18. The method for cell typing and identification according to claim 17, comprising using a cell identification device for identification, wherein the cell identification device comprises an information acquisition unit, a preprocessing unit, a learning unit, and an identification unit;

the information acquisition unit is configured to acquire the cellular physical information of the cells and/or the multicellular aggregates;

the preprocessing unit is configured to preprocess the cellular physical information to form structured cellular physical information; and the structured cellular physical information comprises the number of cells, the number of cell features, and feature information of each cell feature;

the learning unit is configured to establish a cell feature model using supervised, unsupervised or semi-supervised machine learning with the structured cellular physical information as input data; and

the identification unit is configured to apply the cell feature model to classification or clustering of the cells and/or the multicellular aggregates to realize the typing and identification of the cells and/or the multicellular aggregates.

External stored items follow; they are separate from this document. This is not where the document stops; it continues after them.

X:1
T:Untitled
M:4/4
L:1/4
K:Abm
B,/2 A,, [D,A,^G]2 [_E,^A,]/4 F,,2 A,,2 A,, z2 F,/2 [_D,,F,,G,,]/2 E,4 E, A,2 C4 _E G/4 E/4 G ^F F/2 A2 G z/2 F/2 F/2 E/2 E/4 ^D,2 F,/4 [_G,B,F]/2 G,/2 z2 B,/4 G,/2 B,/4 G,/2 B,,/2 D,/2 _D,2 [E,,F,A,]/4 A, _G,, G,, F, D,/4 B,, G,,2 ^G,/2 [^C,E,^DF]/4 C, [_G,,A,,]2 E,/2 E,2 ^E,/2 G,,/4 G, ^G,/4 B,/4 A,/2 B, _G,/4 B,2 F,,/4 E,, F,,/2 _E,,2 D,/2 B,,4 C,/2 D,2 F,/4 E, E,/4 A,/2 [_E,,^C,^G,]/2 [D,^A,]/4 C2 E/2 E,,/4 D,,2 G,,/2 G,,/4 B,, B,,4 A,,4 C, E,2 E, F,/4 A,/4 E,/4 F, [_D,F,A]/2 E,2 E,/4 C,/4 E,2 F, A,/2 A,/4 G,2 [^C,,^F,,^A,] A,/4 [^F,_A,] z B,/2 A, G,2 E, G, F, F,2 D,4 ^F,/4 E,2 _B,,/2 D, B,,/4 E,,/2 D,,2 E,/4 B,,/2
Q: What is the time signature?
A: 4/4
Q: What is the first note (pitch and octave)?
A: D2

19. The method for cell typing and identification according to claim 18, wherein the typing and identification comprise at least one combination of the following:

typing and identification of tumor regions and non-tumor regions in tissues;

typing and identification of cells and/or multicellular aggregates with different transfection degrees and non-transfected ones; and

typing and identification of cells and/or multicellular aggregates with different yields of biologically active substances; and

monitoring an influence of genetic engineering on cells,

determining a minimum effective concentration of a drug to kill non-resistant cells;

performing real-time monitoring of the cells during drug screening for timely adjustment; and

monitoring growth and differentiation of adipocytes.

20. Use of the method according to claim 1, comprising at least one of the following:

use in establishing an in vitro organ and a cell model;

use in screening an organ therapeutic drug, or in research on an organ model in physiological and pathological states;

use in a method for evaluating drug efficacy against a tumor and a related evaluation product; and

use in cell therapy, synthetic biology, adipose research, research on an interaction between cells or multicellular aggregates and macromolecules, a research method for multicellular aggregates, and a related product thereof.